# Cruciate ligament injury in 9 week old



## Penny (Sep 22, 2011)

Hi there,
Our family has very recently grown with the addition of a gorgeous little companion to our 2-year old bitch. We have had him just over a week and all was going well barring the usual potty training, etc that we all went through with our new puppies. Last night, however, he made to jump onto our sofa, didn't make it, and landed badly. We knew immediately he had injured himself as he was very sore and just wanted to lie down. I brought him to the vet this morning and he has a torn cruciate in one of his back legs. I searched the forum and internet and found lots of information on this problem, but all relating to more mature dogs. Has anyone experienced this with a pup this young? How will he cope with this injury? Any remote chance it will heal without having to undergo surgery in later life? Will he be able to do all the activities I was hoping he could cdo with his big sister when mature, mainly trail biking, but I was hoping to get into agility too. The vet advised a "wait and see" approach, and has prescribed anti-inflammatorys for the next few days. I feel so bad for the poor little guy. Trying hard to limit the crazy play he had been enjoying with our other dog which itself is also difficult! 

Any input would be much appreciated.


----------



## Főnix (Feb 3, 2013)

Poor little guy . 

I don't have any help to offer, but I hope he has a full recovery.
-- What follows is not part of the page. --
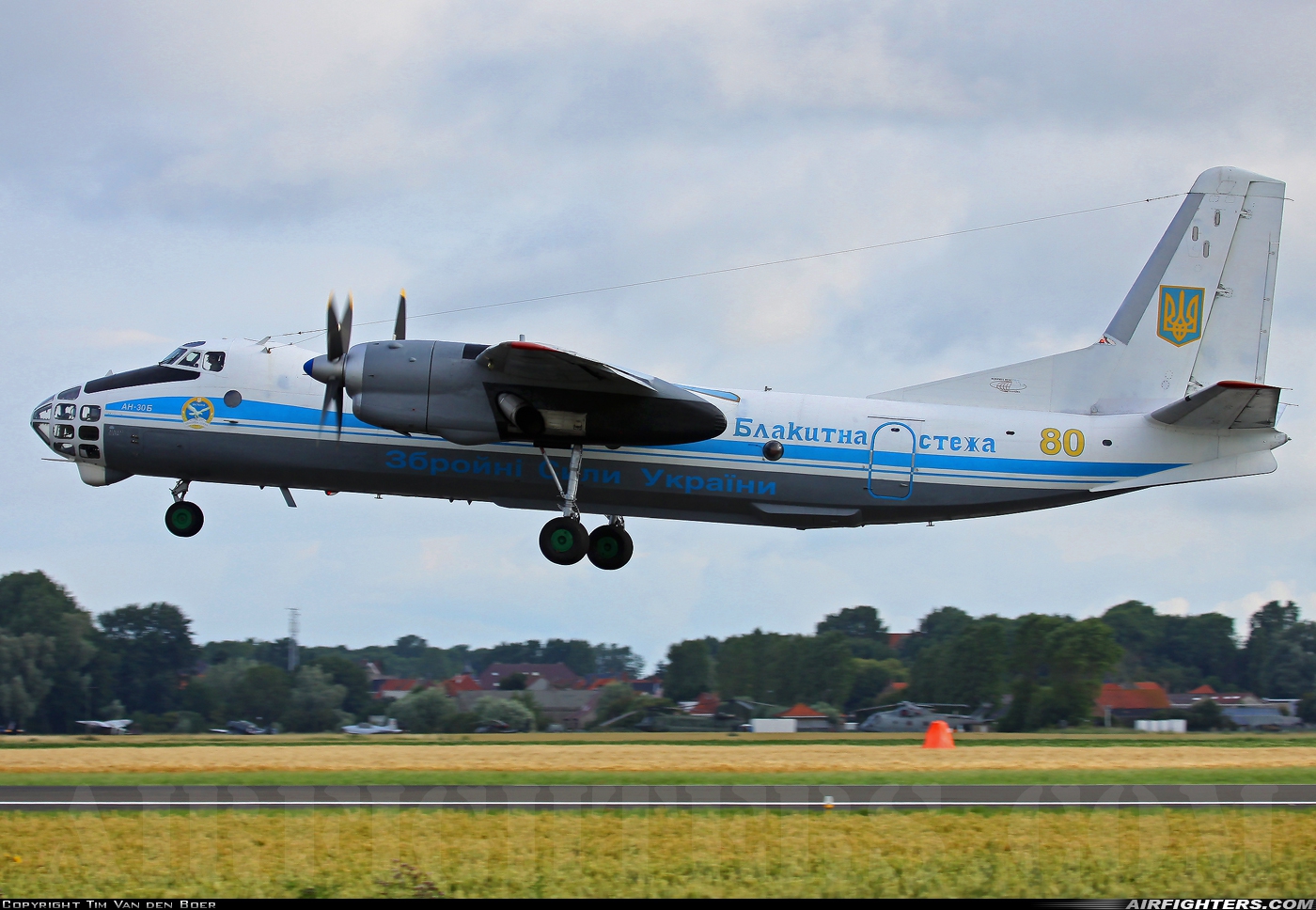 Ukraine - Air Force Antonov An-30B 80 YELLOW at Koksijde (EBFN), Belgium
Let us know how it goes.


----------



## texasred (Jan 29, 2012)

Poor baby.
I don't know the answers to your questions. That is very young to have that type of injury. Did your vet refer you to a orthopedic specialist?


----------



## datacan (May 15, 2011)

Highly unlikely it is a complete tare and as there is no osteoarthritis present it will heal very well. Just needs a little R&R and TLC. That means on leash and not too much walking for a while. 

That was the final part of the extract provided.